When shifting the conversation back to acting, Simon speaks fondly of his character, Bernard Jr., from his latest TV show, The Upshaws.


"He's a UPS worker, for one," he states.


"He is the oldest out of all of the children. He's the child that they had when they were in high school. But you see a little bit of him just growing up and just going through the struggles of life just like everybody else."


When reflecting on past projects, he acknowledges Sojourn and A Rodeo Film as being the most memorable. Simon revels in roles that allow him to portray Black men as vulnerable and nuanced.


"I just love to do projects that kind of change people's perspective over us as Black men," he said.



"Because I do think that sometimes the world views us as these strong men who don't cry, we don't show any emotion. We're just there to protect and provide. And we are, but we're also multifaceted. We could be anything that we want, just like anybody else."

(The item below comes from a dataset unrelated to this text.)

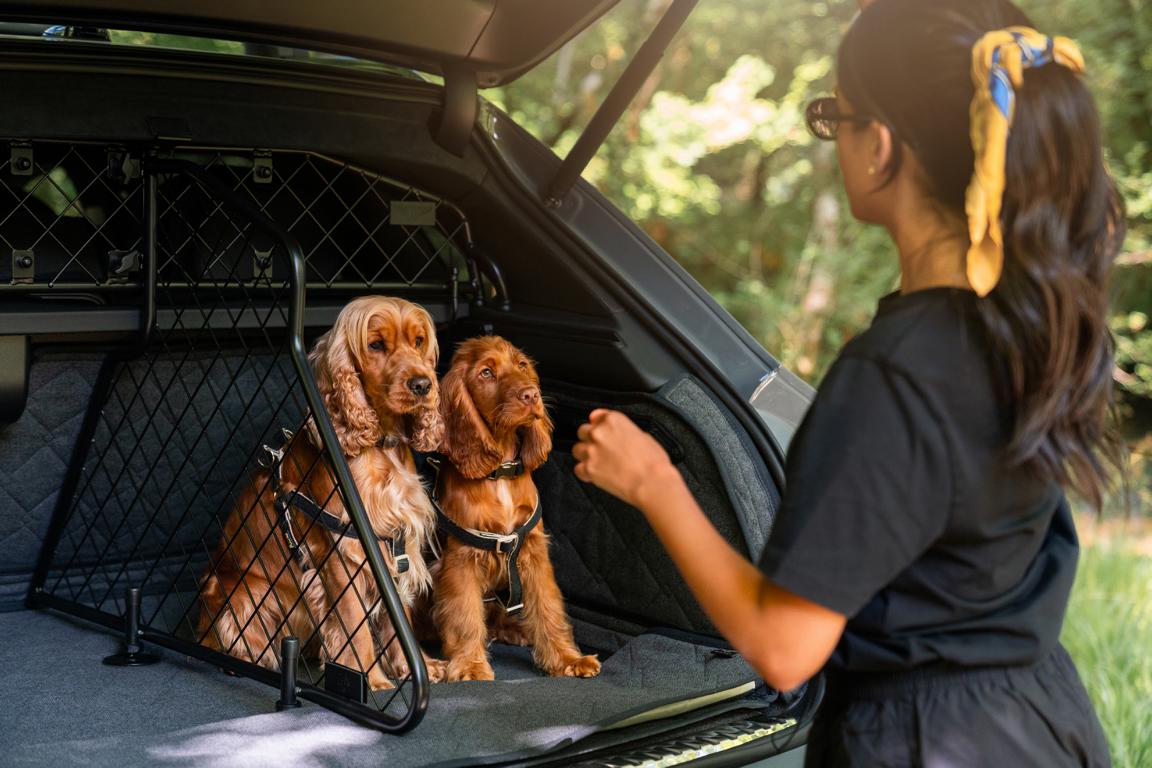 , Bentley Bentayga Wird Hundetauglich Dank Pet Accessory Pet!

Although having portrayed an array of diverse characters, Bernard Upshaw Jr. is his favorite role to date. When considering what would be a dream project, Simon expressed interest in taking on a film similar to Sojourn, in which he played the titular character. The short film is an exploration of racial trauma and self-awareness.


"So, I don't know if it's a specific character I want to play," he said. "I want to change people's ideas about what it is to be a Black man. So, if it's a film that can showcase that, then that's my dream role."


When reflecting on the challenges of juggling a career and family life, Simon believes that time management and learning to adapt are key factors. Like many parents, he wants his children to be proud of him.



He offers a bit of advice to anyone who may be considering becoming an actor.


"I think the thing is just to keep going," he advises. "No matter how difficult it seems, no matter how impossible it looks, keep pushing. I do believe that everyone on this planet will have a natural progression. "

Even amid the pandemic, he remains focused on his craft and is excited to be a part of The Upshaws.


"Everything was kind of a blur for the first five episodes," he said.


"And that time off gave me time to realize exactly what I was doing, exactly how amazing this opportunity was. Because sometimes when you're in it, you can't see it. Things are moving so fast. And that helped slow a lot of things down for me so that I could realize exactly what I was doing."


Aside from staring in The Upshaws and working on his fitness app, Simon is also auditioning for roles. He looks forward to what the future holds.


The Upshaws is now available for streaming on Netflix.